WORK TASK>
All lines below starting at the one that holds "Coin, Denmark, Frederik" and ending at the one that holds "villa in Benissa" should be printed exactly, ends included. Pictures should not be printed, nor anything else.

RECORDS TO USE>
· · · · ·

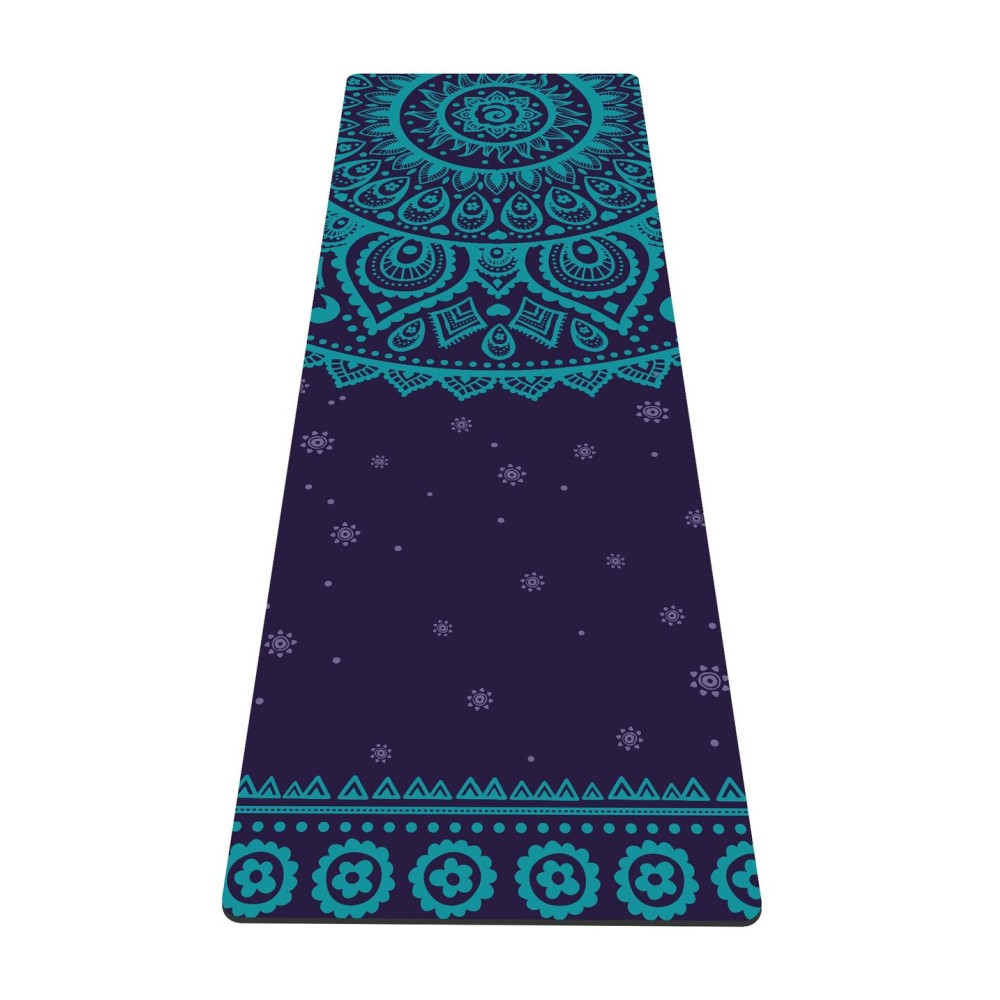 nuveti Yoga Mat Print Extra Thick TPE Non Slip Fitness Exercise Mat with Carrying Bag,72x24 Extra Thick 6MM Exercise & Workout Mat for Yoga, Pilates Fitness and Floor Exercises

· · · · ·

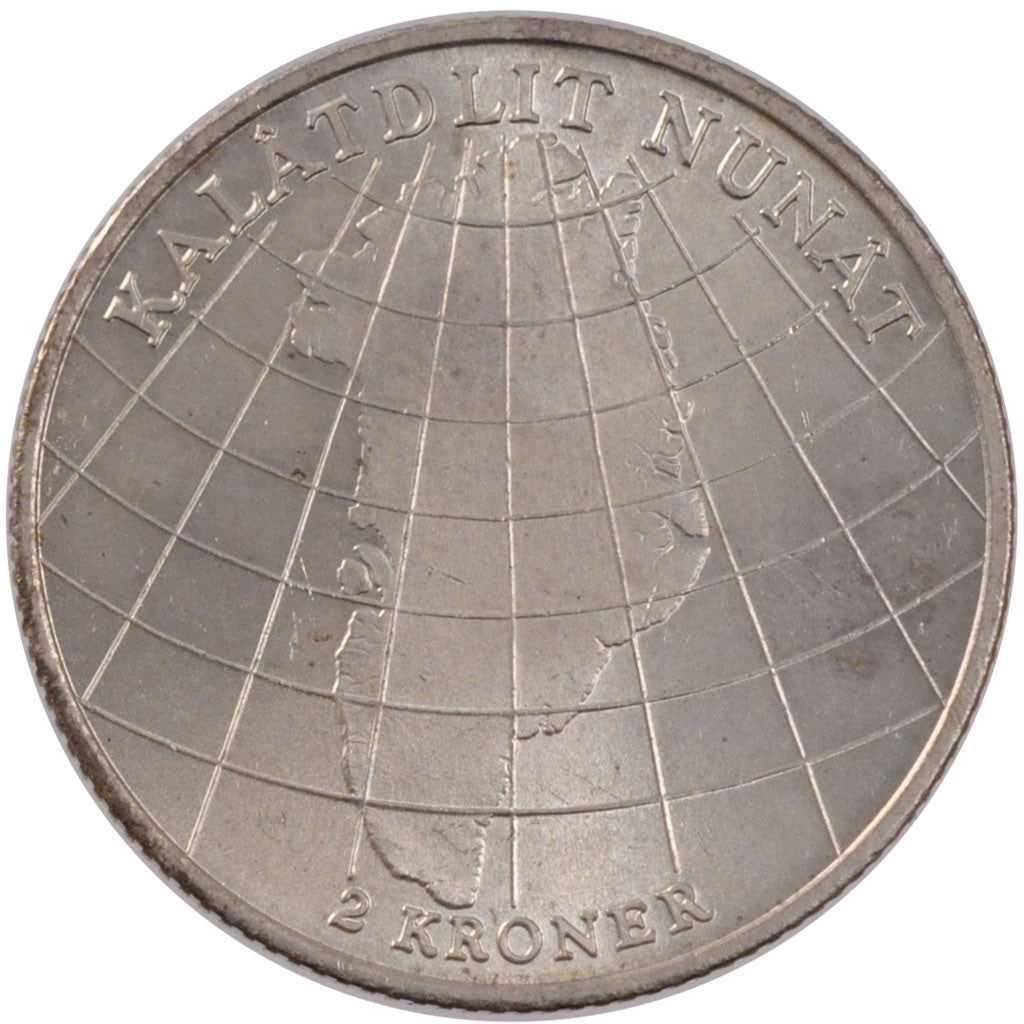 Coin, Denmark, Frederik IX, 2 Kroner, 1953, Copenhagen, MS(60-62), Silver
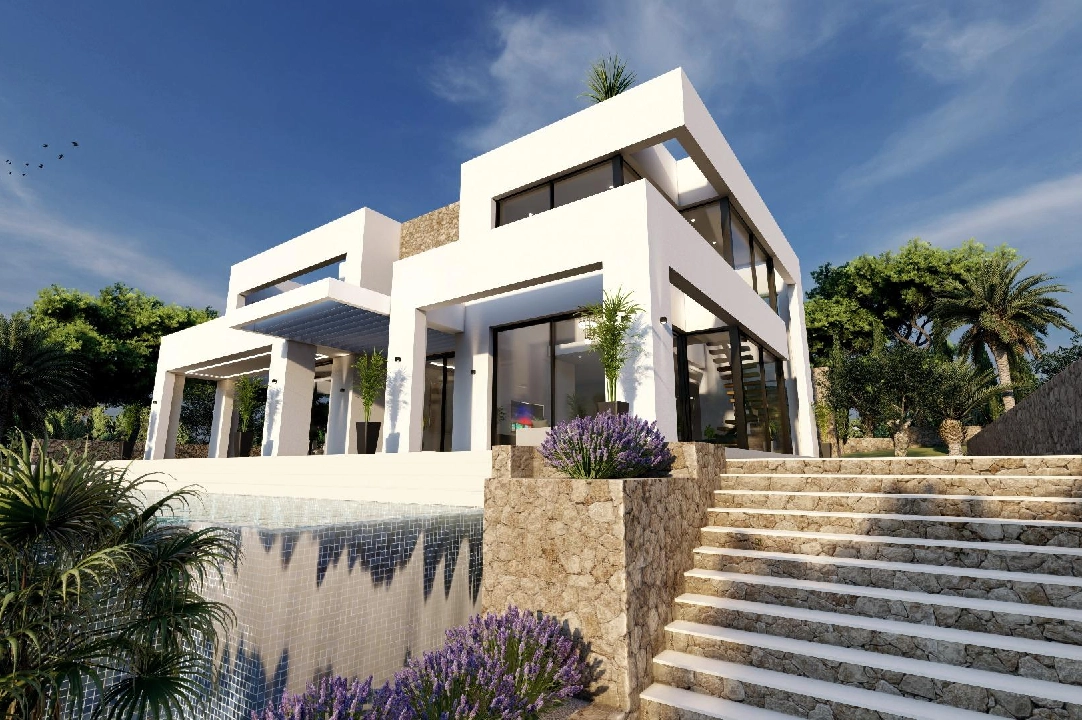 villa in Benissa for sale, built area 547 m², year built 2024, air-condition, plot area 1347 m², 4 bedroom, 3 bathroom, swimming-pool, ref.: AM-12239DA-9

· · · · ·

THE ANSWER>
 Coin, Denmark, Frederik IX, 2 Kroner, 1953, Copenhagen, MS(60-62), Silver
 villa in Benissa for sale, built area 547 m², year built 2024, air-condition, plot area 1347 m², 4 bedroom, 3 bathroom, swimming-pool, ref.: AM-12239DA-9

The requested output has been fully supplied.